Bardzo mocno to jedno zdanie nam uświadamia, że Bóg zechciał stać się człowiekiem. Człowiekiem takim samym jak my, różniąc się tylko jednym był bez grzechu. To Jego narodzenie, wymusza na nas postawienie sobie pytania, pytania bardzo konkretnego odnoszącego się do każdego z nas. Nie abstrakcyjnie, nie do naszych sąsiadów czy przyjaciół. Pytanie, które będzie stanowiło wielką pomoc w naszym rozważaniu - jak tym słowem nowonarodzonym, Bogiem będącym z nami się zaopiekowaliśmy, jak go w naszym życiu żeśmy przyjęli? To pytanie pokazuje, że Boga przychodzącego do człowieka trzeba przyjąć na serio. Trzeba z nim być na co dzień, a nie tylko od święta. To bycie na co dzień to dbałość o naszą kulturę wnętrza posługując się językiem współczesnym. Dbanie o kondycję naszego bycia chrześcijanami. Opiekować się tym słowem, dbać o nie w sobie co to znaczy? Otóż ta dbałość musi się wyrażać zachowaniami i to bardzo konkretnymi. Zachowania te to po prostu naśladowanie Jezusa. Patrzenie na świat, na drugiego człowieka przez pryzmat Jezusa. Również stawianie sobie wymagań przez pryzmat spotkania z Jezusem. Pytać siebie jak najczęściej - jakby w tym momencie postąpił Jezus? W praktyce oznacza to jedno - być dla innych, swoją postawą być czytelnym obrazem Jezusa. To jest właśnie opiekowanie i dbanie o obecność Jezusa w moim życiu. Jest tyle codziennych sytuacji kiedy możemy sprawdzić działanie tego mechanizmu. Ten sprawdzian jest tak naprawdę weryfikacja naszej wiary. To sąsiadka, która nie ma humoru, to sąsiad, który cały czas narzeka, to znowu żona, która ma problemy w pracy, to dzieci, które hałasują. To do moich przyjaciół z czatu wiara.pl aby byli bardzie realni niż wirtualni. Żeby byli sobą, a nie kreacją swoich zachowań i pamiętali zawsze o tym, że po drugiej stronie może siedzieć przy kompie człowiek naprawdę wrażliwy.

To jest właśnie opiekowanie się Słowem, które stało się człowiekiem dla naszego zbawienia. Przyszło do swojej własności, ale swoi go nie przyjęli.
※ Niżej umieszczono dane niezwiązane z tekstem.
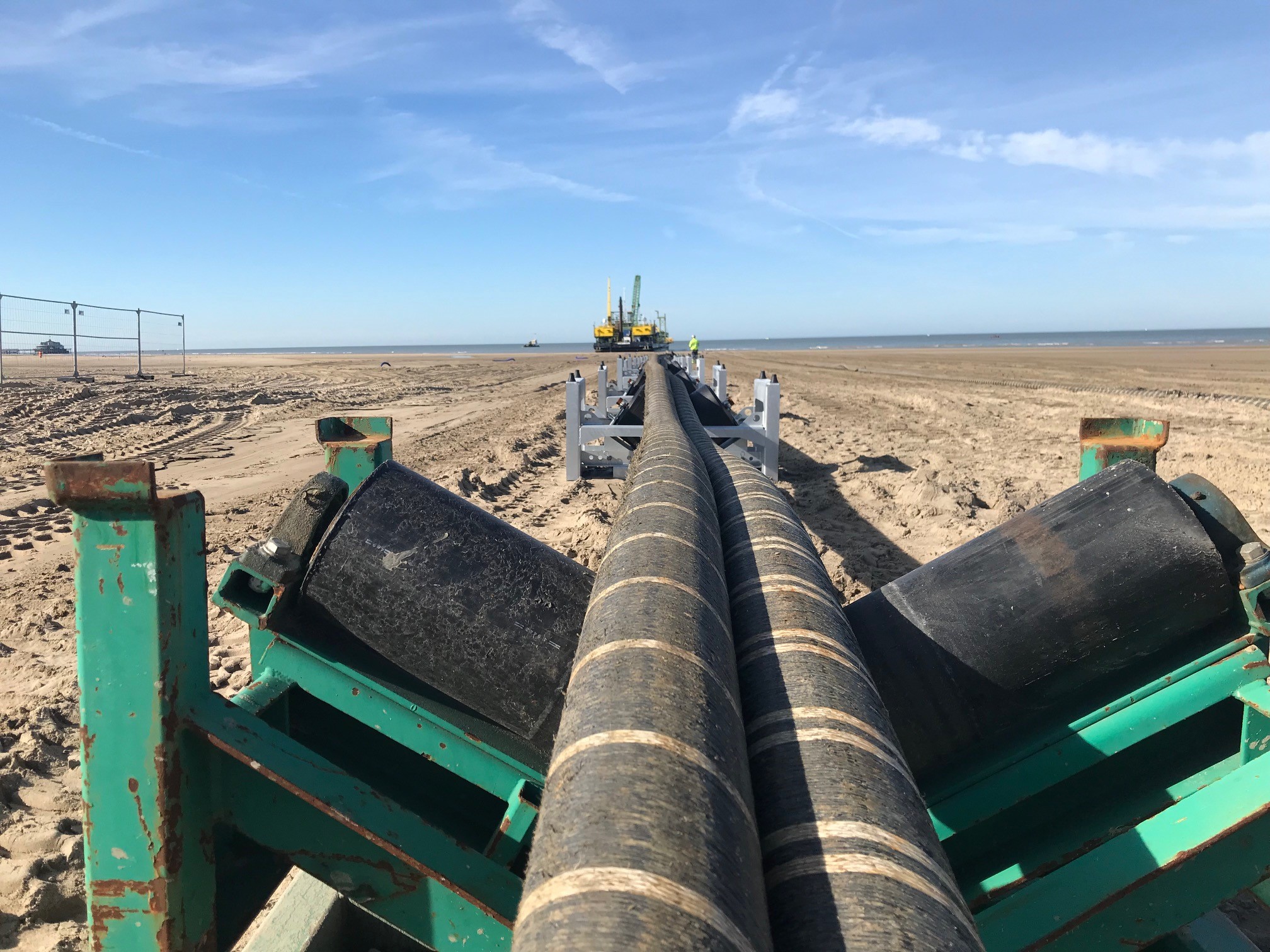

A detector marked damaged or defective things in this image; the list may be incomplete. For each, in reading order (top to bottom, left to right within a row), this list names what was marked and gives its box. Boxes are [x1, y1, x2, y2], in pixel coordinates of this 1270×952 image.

rusty green metal frame [54, 416, 537, 952]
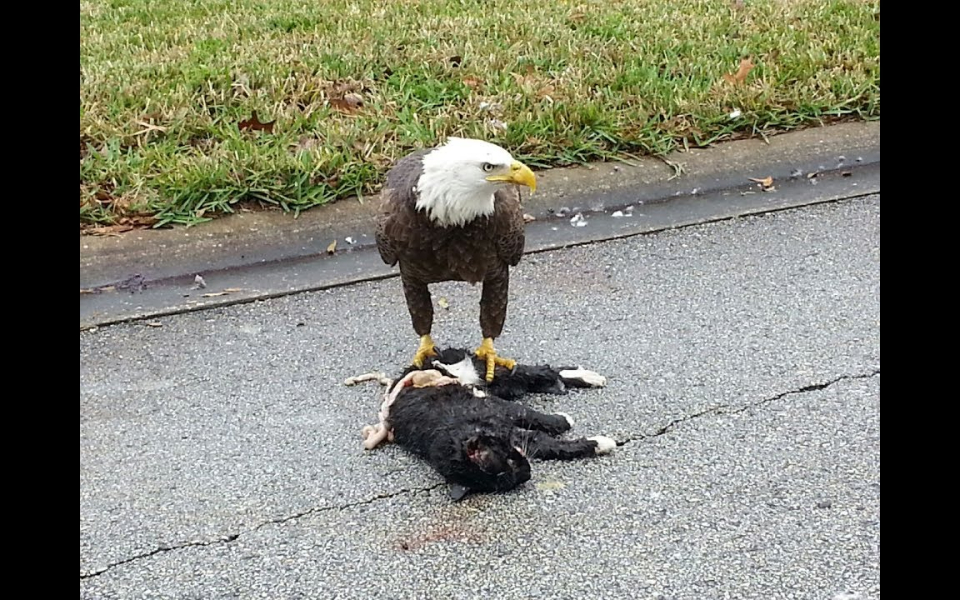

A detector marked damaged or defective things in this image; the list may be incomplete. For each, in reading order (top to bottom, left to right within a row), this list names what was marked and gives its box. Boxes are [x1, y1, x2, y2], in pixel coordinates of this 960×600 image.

cracked asphalt [79, 195, 880, 596]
Jest to wskazanie, że mamy jeszcze wiele do zrobienia. Nie nasi najbliżsi, ale my sami konkretnie po imieniu. Wtedy będziemy czytelnymi uczniami Jezusa. Jan Chrzciciel bardzo dobrze to zrozumiał: ja się musze umniejszać, On ma teraz wzrastać. W jakim zatem miejscu naszego zaopiekowania się Słowem, znajdujemy się, jako rolę w tej sztuce Bożego życia żeśmy przybrali? Człowiek od choinki i bąbek czy człowiek stojący i czerpiący w życiu z przesłania groty betlejemskiej.